We employed the general data analysis methodologies indicated below in the context of thematic analysis and read the texts multiple times to familiarize and better understand them [21]. Descriptive codes were then applied to data segments [22] relevant to the research question: how do the local food habits influence motivation and continuation of work, and do these factors impact decisions to remain in rural areas? This question was aligned with the objective of the study [23]. The coded data were grouped into themes using QDA Miner Lite software (Provalis Research), demonstrating the relationships between them and identifying themes using inductive methods. The themes were assessed and modified depending on their relevance to the data and the research topic, and they were blended as appropriate. After the themes were developed, they were further defined and given titles that accurately expressed their meanings [24]. Then, the researcher drafted the report. The thematic analysis involves a recursive process of moving back and forth between the data and the emerging themes. It is an iterative and reflexive process, requiring the researcher to consider their biases and assumptions throughout the analysis.

  • In-depth investigation: This method provided an in-depth understanding of the study’s objectives and phenomena [25]. It enabled the researchers to collect data from multiple sources and examine them comprehensively.
  • Contextual analysis: The qualitative case research design allowed the researchers to focus on the social, cultural, economic, and political factors influencing the phenomenon [26].
  • Interpretive analysis: This approach involved identifying themes and interpreting them in the context of the research objectives [21,27].
  • Flexible design: The qualitative case research design is adaptable, allowing the researchers to evolve the design as data are collected and analyzed [28]. To explore complex and context-specific issues in real-life settings, the interview provided comprehensive insights into the CHWs’ experiences, opinions, and perspectives regarding rural alimentation and its impact on their motivation and retention.

Study Participants

We contacted 4 CHCs; however, the medical officer at one center declined to grant permission, citing concerns that the study might inadvertently violate government protocols. A total of 64 CHWs were contacted across the remaining 3 CHCs, who were directly appointed by the government and were under the age of 60 years. Table 1 shows that the majority of health workers were female, accounting for 52% (13/25), 61% (11/18), and 57% (12/21) across the 3 CHCs. Among the 14 participants, 71% (n=10) were female and 29% (n=4) were male. This sex disparity could be a potential area for further research, exploring why fewer male CHWs tend to remain in rural locations.

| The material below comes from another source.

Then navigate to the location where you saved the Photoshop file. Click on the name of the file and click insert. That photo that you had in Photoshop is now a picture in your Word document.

Table 1. Participants characteristics from CHCsa A, B, and C. This table combines the demographic and workplace preferences of health care workers across the 3 centers (A, B, and C).
CharacteristicsCenter A (n=25), n (%)Center B (n=18), n (%)Center (n=21), n (%)
Sex
Male12 (48)7 (39)9 (43)
Female13 (52)11 (61)12 (57)
Age group (years)
≤303 (12)5 (28)4 (19)
≥3022 (88)13 (72)17 (81)
Residence
Rural origin25 (100)18 (100)21 (100)
Urban origin0 (0)0 (0)0 (0)
Preferred workplace
Rural area8 (32)12 (67)15 (71)
Male2 (25)b4 (33)b4 (27)b
Female6 (75)b9 (67)b11 (73)b
Urban area17 (68)6 (33)6 (29)
Male3 (18)c1 (17)c2 (33)c
Female14 (82)c5 (83)c4 (67)c

aCHC: Community Health Centre.

bPercentages are based the number of workers who preferred a rural workplace as the denominator.

cPercentages are based the number of workers who preferred an urban workplace as the denominator.

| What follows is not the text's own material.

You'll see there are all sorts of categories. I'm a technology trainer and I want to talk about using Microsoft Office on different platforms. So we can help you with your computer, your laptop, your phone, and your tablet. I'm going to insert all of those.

Data were analyzed by constructing a thematic analysis, identifying patterns and themes as guided by the research questions and objectives [24,29]. Emerging themes were verified through member checking to ensure accuracy and validity. This study offers a comprehensive understanding and valid representations [30] of the perspectives and experiences of CHWs staying in rural Jharkhand. The focus is on a specific area within the CHCs, which is predominantly tribal dominated. The analysis identified themes that offered insights into the barriers and facilitators affecting CHWs’ access to and consumption of diverse and nutritious food, as well as how their food habits intersect with their roles as health promoters and caregivers.

The study explored three major themes, presented as main themes and their corresponding minor themes, as illustrated below. These themes reflect the perspectives, experiences, and perceptions of the Indigenous CHWs regarding their reasons for remaining in rural Jharkhand.

  1. The impact of rural alimentation on Indigenous CHWs’ motivation
  2. Retention trends among Indigenous CHWs
  3. Correlations between nutritional support and job satisfaction

Impact of Rural Alimentation on Indigenous CHWs’ Motivation

Health and Nutrition

Local food, often known as “field to plate,” plays a vital role in connecting Indigenous CHWs to rural health centers. Free from preservatives, pesticides, additives, and flavorings, this food comes straight from the field, offering freshness and abundance, which enhances both its quality and appeal.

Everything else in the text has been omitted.